> Data shown

>>>

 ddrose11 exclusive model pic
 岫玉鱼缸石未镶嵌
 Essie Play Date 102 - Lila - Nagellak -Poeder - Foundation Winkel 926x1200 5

<<<

> Task prompt
Set down each line exactly as it appears in the data.

> The completed task
 ddrose11 exclusive model pic
 岫玉鱼缸石未镶嵌
 Essie Play Date 102 - Lila - Nagellak -Poeder - Foundation Winkel 926x1200 5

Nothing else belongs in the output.